Il a été publié, après la mort de Foucault, dans la revue du S.M.,
Justice, n°115, juin 1977, pp.36-39.
(Présentation, par la rédaction de la revue "justice") Michel
Foucault était à Goutelas en 1977. La gauche était alors donnée
gagnante aux législatives de mars 1978. Le S.M., déjà, réfléchissait
sur ce que serait sa position face à un gouvernement de gauche.
Dans le long week-end annuel de réflexion syndicale, Michel Foucault
était venu nous livrer sa réflexion sur l'évolution du rôle du judiciaire.
Le point de départ était le livre du P.S. "Liberté, libertés".

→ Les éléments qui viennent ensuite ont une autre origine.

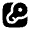 Key Minimalistic Square 2 Icon from Solar Bold Set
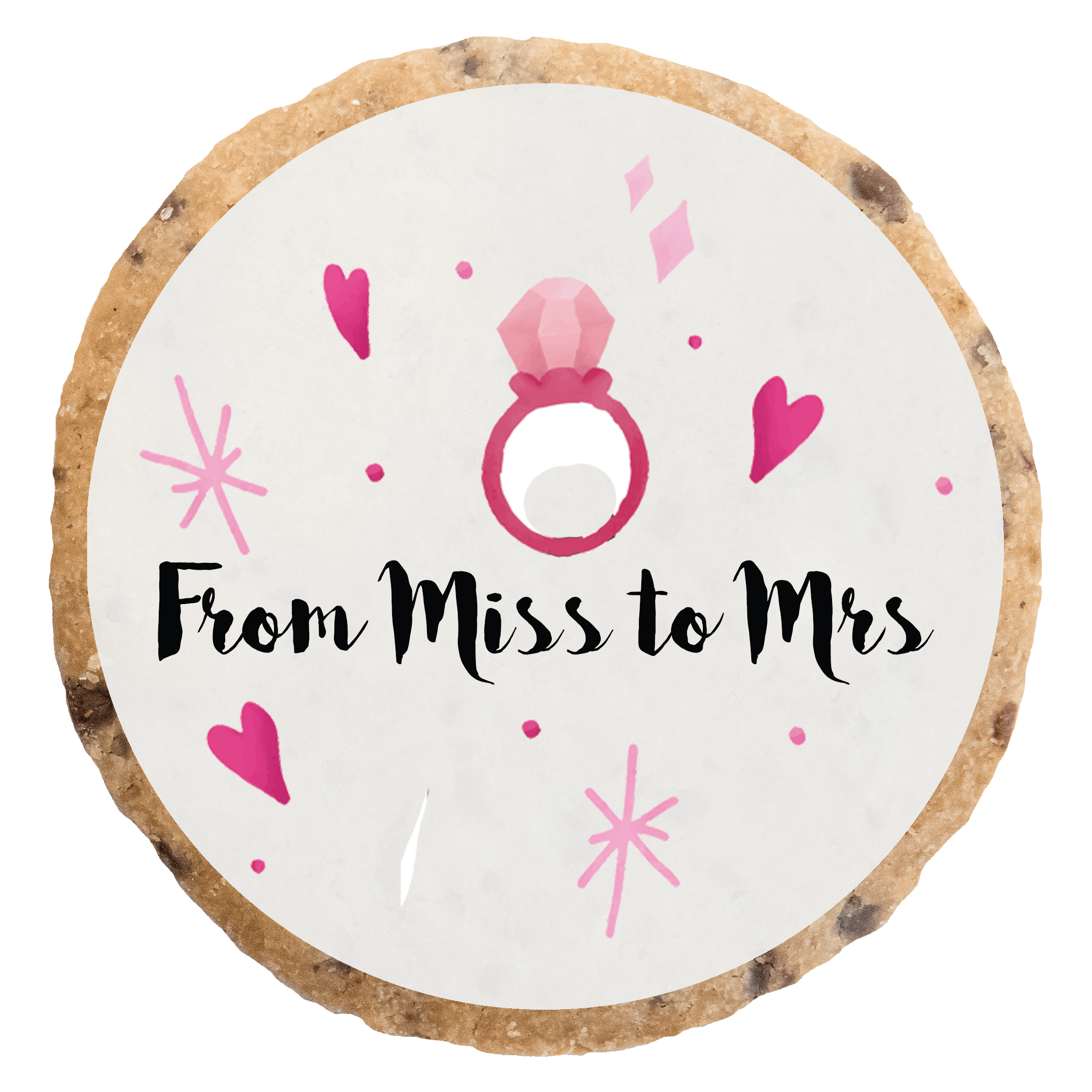 "From Miss to Mrs" MotivKEKS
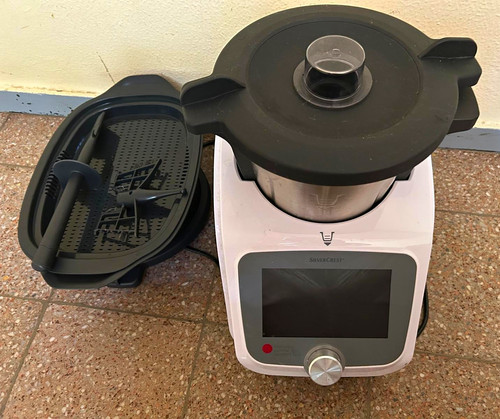 Silvercrest monsieur cuisine - silvercrest,
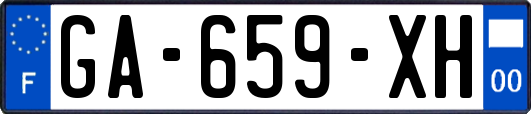 GA-659-XH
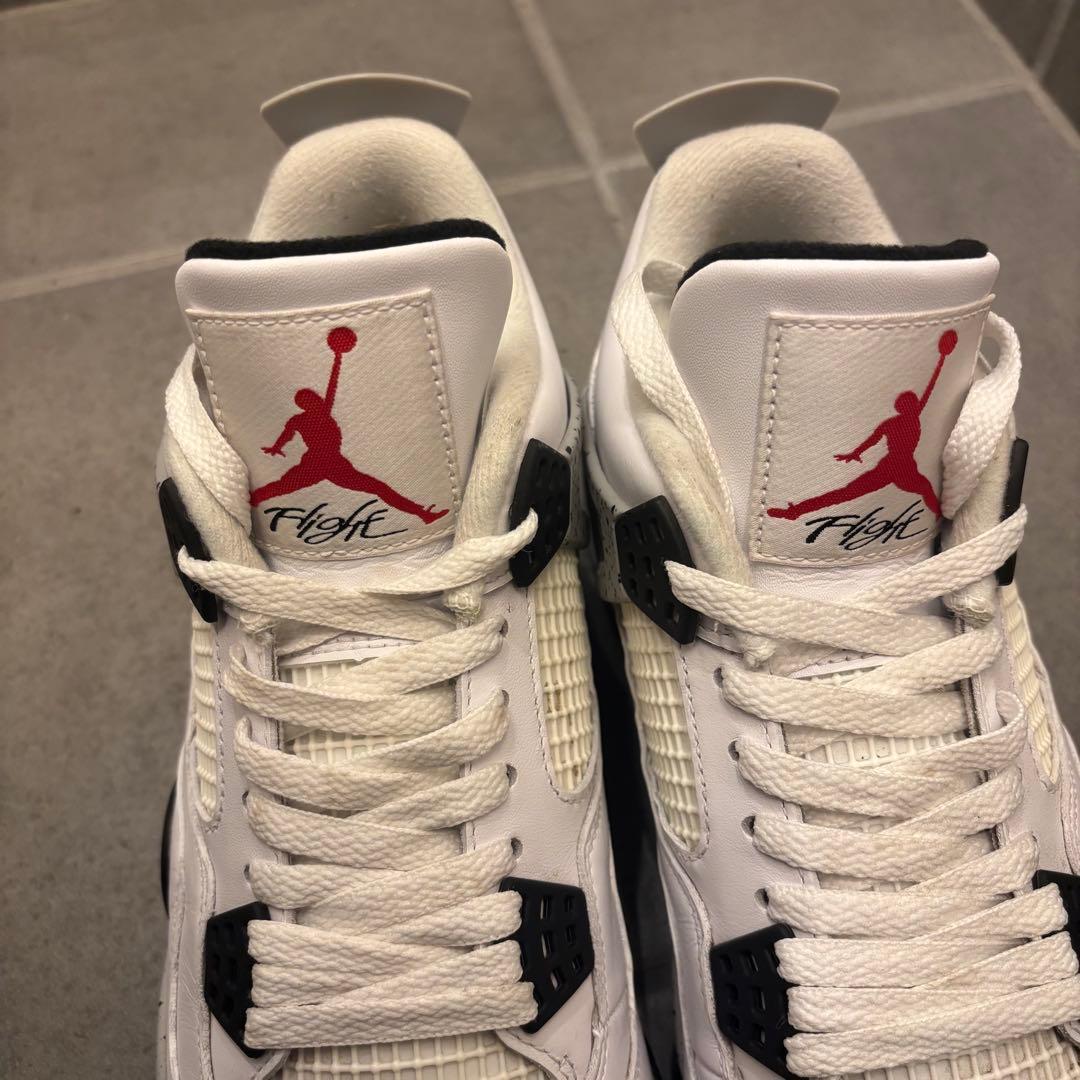 【美品‼️】NIKE GOLF AIR JORDAN 4 ジョーダン4 ゴルフ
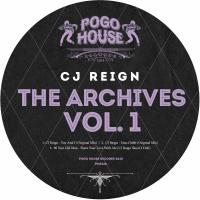 Artwork for The Archives Vol.1 by Cj Reign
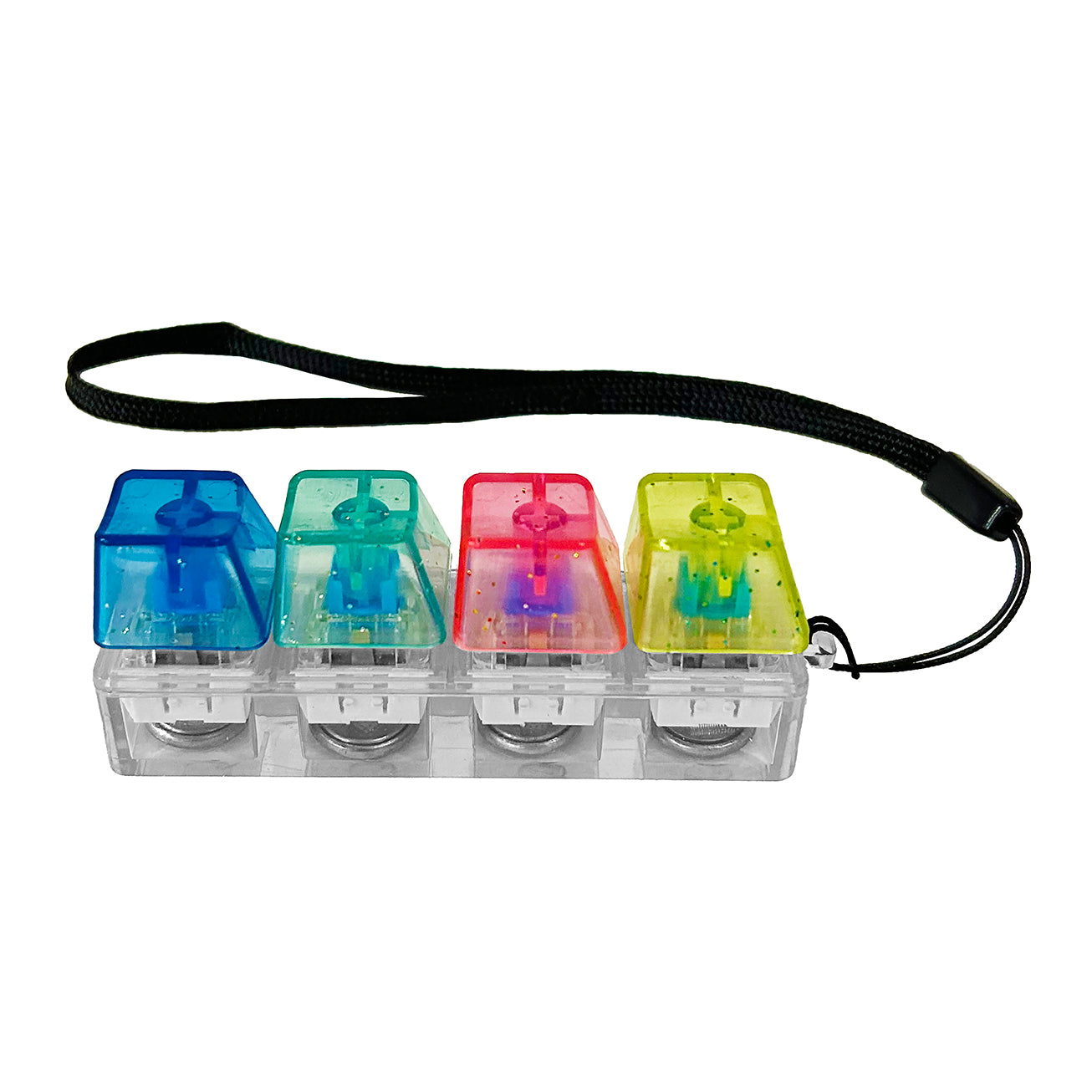 KeyBored Fidget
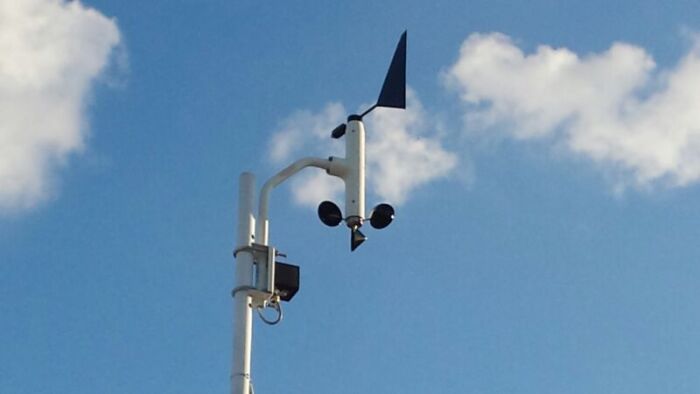 Environmental monitoring system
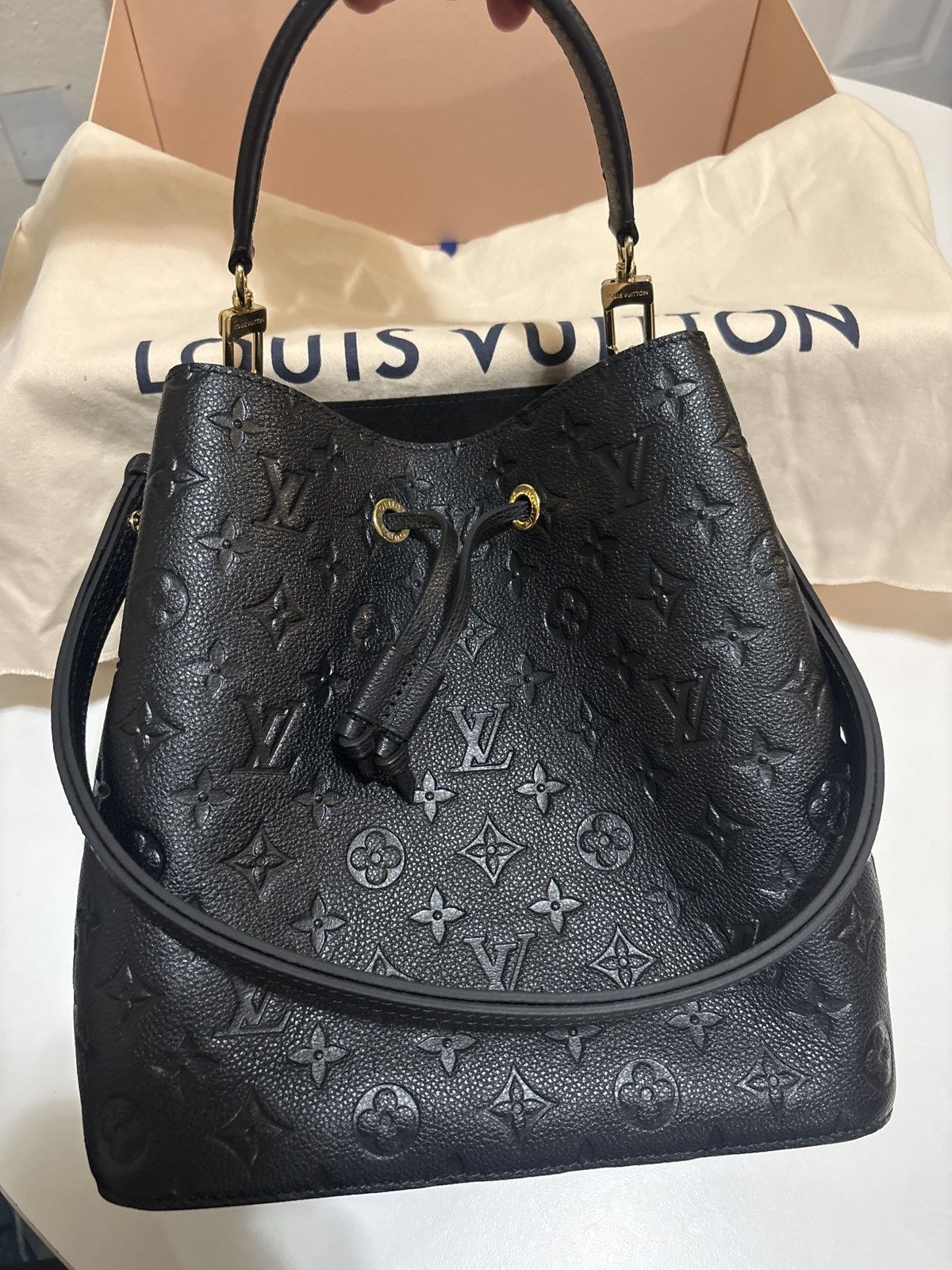 Louis Vuitton Louis Vuitton Bag hologram Size ONE SIZE - 2 Thumbnail
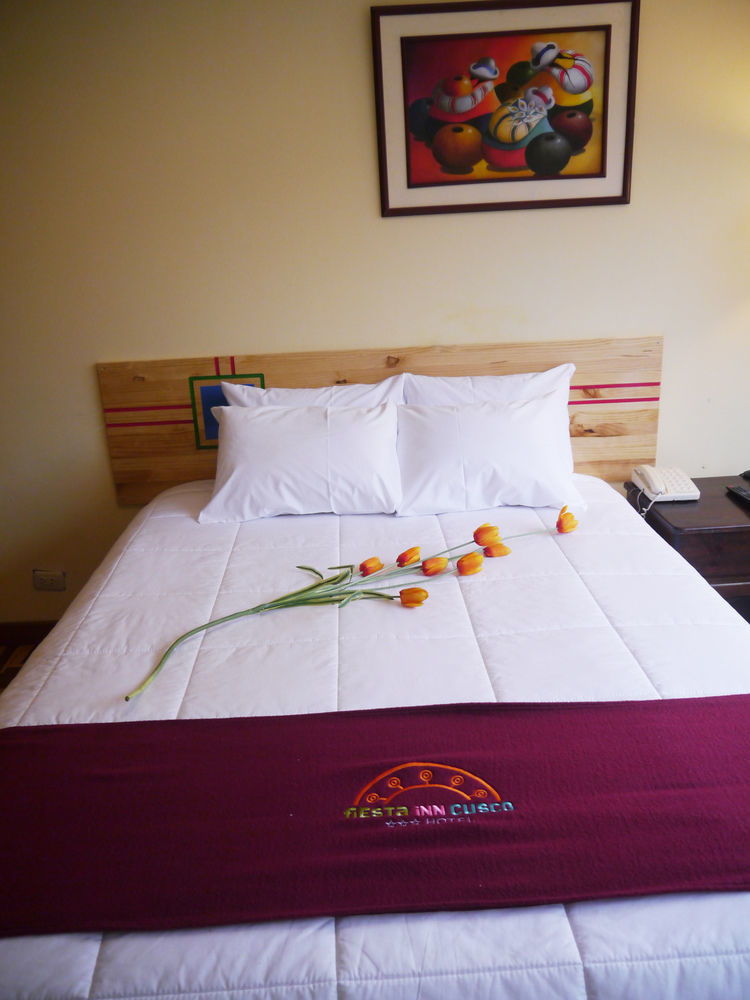 Fiesta Inn Cuzco Exterior foto
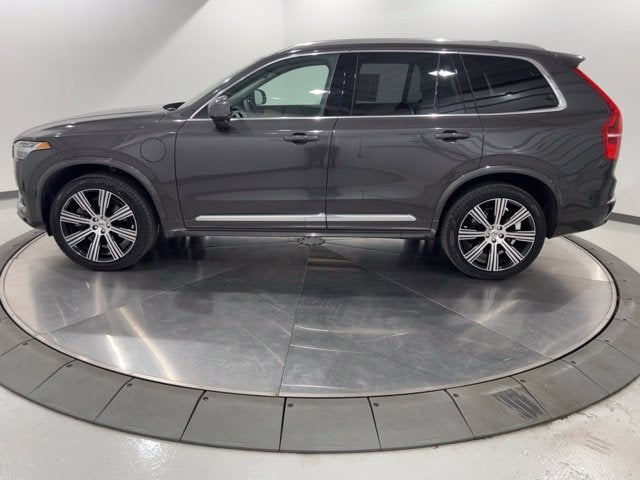 2025 Volvo XC90 Plug-In Hybrid T8 Plus 6 Passenger
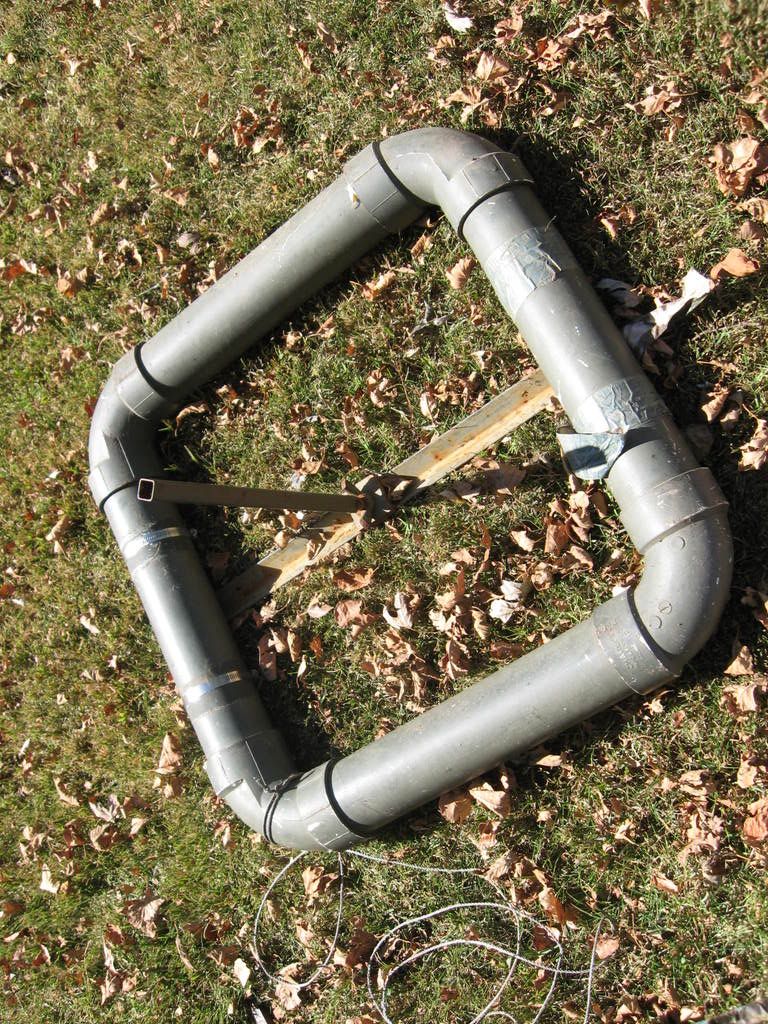 Floating MOJO stand....... Refuge Forums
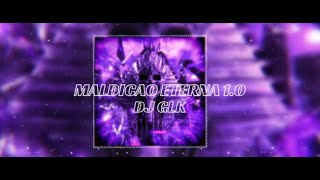 Maldicaoo Eterna 10 By DJ GLK 8D Audio [upl. by Ahseenat]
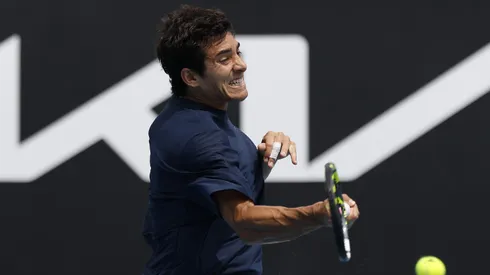 Cristian Garin jugará con Alexander Zverev en Montecarlo.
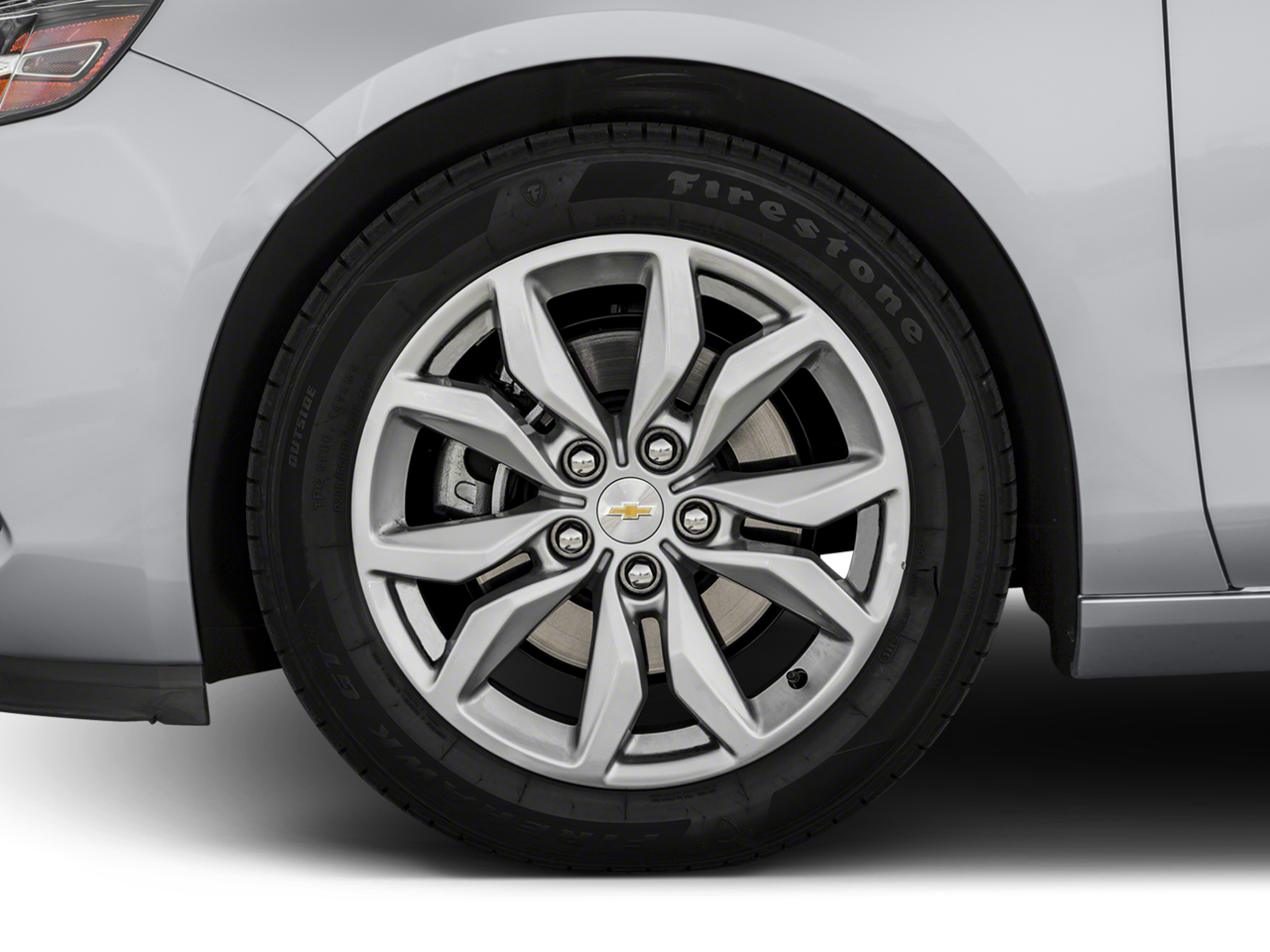 2018 Chevrolet Impala LT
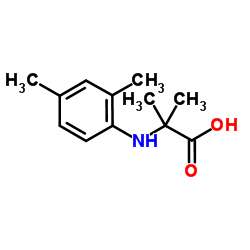 ALANINE, 2-METHYL-N-2,4-XYLYL- picture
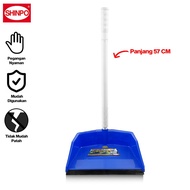 Shinpo Plastic Dustpan Dustpan Garbage Plastic Dustpan Long Handle Dustpan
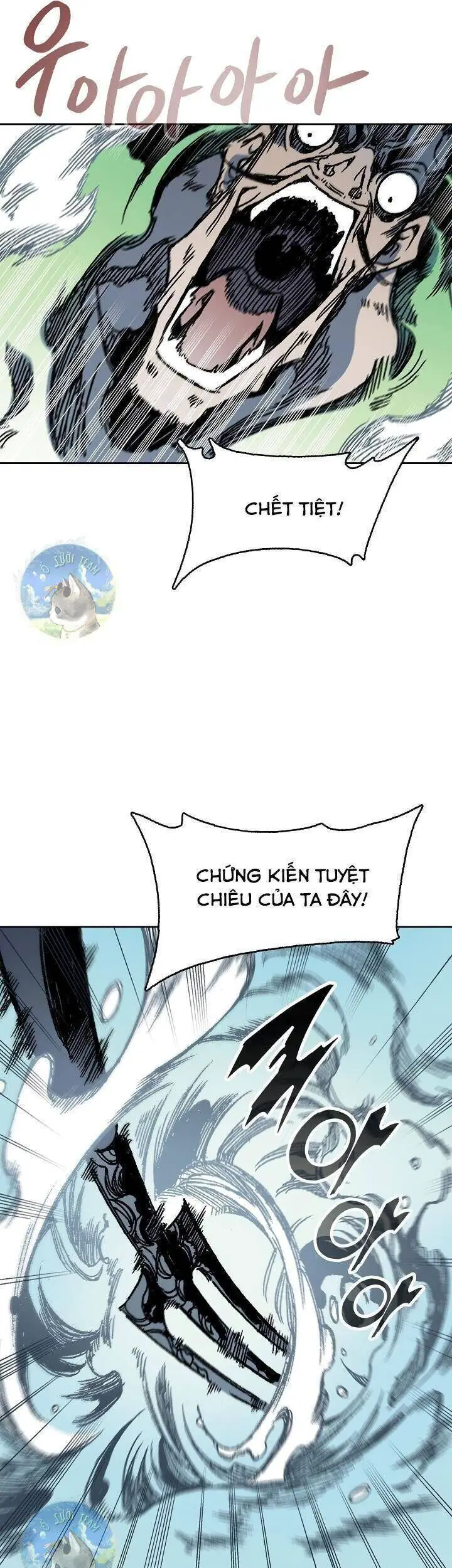 Hồi Ức Của Chiến Thần Nettruyen ZZZ Chương 93 Page 38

Sans doute cette référence est-elle datée, quoique, avec le
recul et au vu de l'évolution institutionnelle suivie depuis dix
ans, les propositions de "Liberté, libertés" prennent un singulier
relief.
La pensée de Foucault, elle, demeure.
J'ai relu ce texte "liberté, libertés" qui m'avait frappé sur un certain
nombre de points, en particulier à cause de l'importance qu'il donne
aux magistrats. L'amplification du rôle des institutions judiciaires
m'avait frappé.
J'en suis arrivé à l'idée que, s'il fallait prendre un thème à
Goutelas, ce pourrait être celui-là : j'ai préparé une relecture
de ce livre.
Ce livre, bien entendu, je ne le prends pas comme cible d'une critique
ni comme la charte d'un problème auquel je souscrirais, mais plutôt
comme symptôme de quelque chose qui est en train de se passer, qui
caractérise une évolution de ce qu'on pourrait appeler les techniques
de pouvoir dans la société contemporaine.
C'est un livre qui est significatif de la manière de poser le problème
du pouvoir, significatif aussi d'une certaine manière de redéfinir
le rôle du juge, de redistribuer et en quelque sorte d'essaimer
les fonctions judiciaires à travers tout le corps social.
Pour resituer cela historiquement, et d'une façon très grossière,
voici ce que je dirai pour expliquer pourquoi je m'intéresse à ce
texte, ce que j'essaie d'y voir et d'y repérer.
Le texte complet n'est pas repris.